Given the entries that follow, write out exactly the lines starting at the one containing "Снегокат - Самокат" and ending at the one containing "Photo 10 of", both ends included, and only those.

# Extracted data
● ● ●
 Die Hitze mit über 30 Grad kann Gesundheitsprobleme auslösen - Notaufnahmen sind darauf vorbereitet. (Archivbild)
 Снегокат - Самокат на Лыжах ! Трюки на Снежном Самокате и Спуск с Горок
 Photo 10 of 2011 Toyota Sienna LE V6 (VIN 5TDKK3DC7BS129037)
● ● ●
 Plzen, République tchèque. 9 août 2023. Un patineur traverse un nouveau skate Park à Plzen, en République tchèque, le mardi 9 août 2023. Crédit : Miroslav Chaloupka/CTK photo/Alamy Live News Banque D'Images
● ● ●
# Solution to the exercise
 Снегокат - Самокат на Лыжах ! Трюки на Снежном Самокате и Спуск с Горок
 Photo 10 of 2011 Toyota Sienna LE V6 (VIN 5TDKK3DC7BS129037)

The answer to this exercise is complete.